Easy to say, but I haven’t really used this myself and suspect it’s annoying in practice (Camerer and Weber 1992; De Bock 2020; Giustinelli, Manski, and Molinari 2021; Hayashi 2021; Walley 1991).
2 PAC-Bayes methods
There’s a large body of work on this; I’m not an expert (Catoni 2007; Haddouche and Guedj 2022; Rivasplata et al. 2020; Rodríguez-Gálvez, Thobaben, and Skoglund 2024; Sucker and Ochs 2023; Thiemann et al. 2017).
PAC-Bayes (Probably Approximately Correct Bayesian) methods offer a theoretically grounded way to aggregate misspecified models in the M-open setting, giving high-probability generalization bounds without assuming realizability. They originate from (McAllester 1998, 1999) and were sharpened by Catoni (2007). The bounds control the expected risk of a posterior over hypotheses via the KL divergence to a prior, so we can, in principle, do robust model selection or ensembling even when the true data-generating process lies outside the model class \(\mathcal{M}\).
I’m unclear whether all stacking bounds are in fact of PAC-Bayes type.
PAC-Bayes seems to justify techniques like stacking by quantifying how well a data-dependent posterior generalizes: for concreteness, Catoni’s bound states that for bounded losses \(\ell\), \[\mathbb{E}_{Q}[\mathrm{risk}(h)] \leq \frac{1}{n} \sum \ell(h(x_i), y_i) + \sqrt{\frac{\mathrm{KL}(Q\|P) + \log(2n/\delta)}{2n}},\] with probability \(1-\delta\) over data of size \(n\), prior \(P\), and posterior \(Q\). This sidesteps M-closed assumptions in some sense, but don’t ask me for details.
Tools like paccube or pacbayes.py implement optimization of these bounds for neural nets and beyond.
3 Infrabayesianism
Infrabayesianism — I presume it’s different from standard set-prior approaches, but I don’t really know it well enough to say how.
It starts with the same assumption as M-open Bayes: the true state of the world is likely outside an agent’s hypothesis space. They argue this to be especially critical for embedded agents—agents that are part of an environment vastly more complex than they are.
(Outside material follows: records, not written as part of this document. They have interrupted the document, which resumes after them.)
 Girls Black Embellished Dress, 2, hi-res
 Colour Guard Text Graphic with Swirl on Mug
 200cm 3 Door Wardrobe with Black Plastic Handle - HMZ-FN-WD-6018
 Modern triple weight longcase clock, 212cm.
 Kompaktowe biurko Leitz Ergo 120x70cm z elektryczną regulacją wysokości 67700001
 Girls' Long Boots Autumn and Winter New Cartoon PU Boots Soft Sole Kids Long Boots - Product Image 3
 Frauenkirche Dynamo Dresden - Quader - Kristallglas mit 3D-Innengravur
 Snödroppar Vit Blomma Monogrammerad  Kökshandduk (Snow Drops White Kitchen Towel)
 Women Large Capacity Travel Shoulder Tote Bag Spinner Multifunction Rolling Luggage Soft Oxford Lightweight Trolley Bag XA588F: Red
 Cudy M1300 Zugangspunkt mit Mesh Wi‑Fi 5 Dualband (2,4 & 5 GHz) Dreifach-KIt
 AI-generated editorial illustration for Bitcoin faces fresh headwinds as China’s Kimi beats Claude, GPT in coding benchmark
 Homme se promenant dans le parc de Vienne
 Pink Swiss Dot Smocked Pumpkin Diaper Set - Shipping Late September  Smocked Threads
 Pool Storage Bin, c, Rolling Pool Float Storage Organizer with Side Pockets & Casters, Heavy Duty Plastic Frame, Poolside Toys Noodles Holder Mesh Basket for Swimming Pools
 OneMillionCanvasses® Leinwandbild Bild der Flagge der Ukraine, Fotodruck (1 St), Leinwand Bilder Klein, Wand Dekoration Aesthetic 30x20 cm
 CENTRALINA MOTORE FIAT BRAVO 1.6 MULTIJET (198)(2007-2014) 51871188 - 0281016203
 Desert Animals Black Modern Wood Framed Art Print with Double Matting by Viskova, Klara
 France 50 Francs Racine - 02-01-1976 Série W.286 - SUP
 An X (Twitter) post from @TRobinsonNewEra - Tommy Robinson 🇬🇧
An AI can’t model every atom in its server room, let alone the universe, so its world model is necessarily incomplete.
I confess I don’t follow that emphasis myself — I also can’t model every atom in anything I study, and I get by without infrabayesian reasoning. I should re-listen to Vanessa Kosoy on this theme. Infrabayesianism is nonetheless motivated as a framework for the future of AI systems that must navigate a world of deep and unavoidable uncertainty.
Where Bayesianism uses a single probability distribution to represent belief, Infrabayesianism uses infradistributions—which are convex sets of probability distributions.
Instead of saying, “The probability of rain is 40%,” an infrabayesian agent might say, “The probability of rain is somewhere between 30% and 60%.” I don’t know how this differs from the above definitions of imprecise probability, which directly capture the agent’s uncertainty and acknowledge the limitations of its model. This allows for more robust reasoning by considering a range of plausible worlds rather than committing to a single, likely-wrong one.
The framework apparently provides update rules and decision-making procedures (like minimax or upper-expectation reasoning) that are philosophically robust, ensuring the agent doesn’t discard useful information and can handle deep uncertainty. I haven’t used any of these in practice yet, so I’ll refrain from offering too much opinion.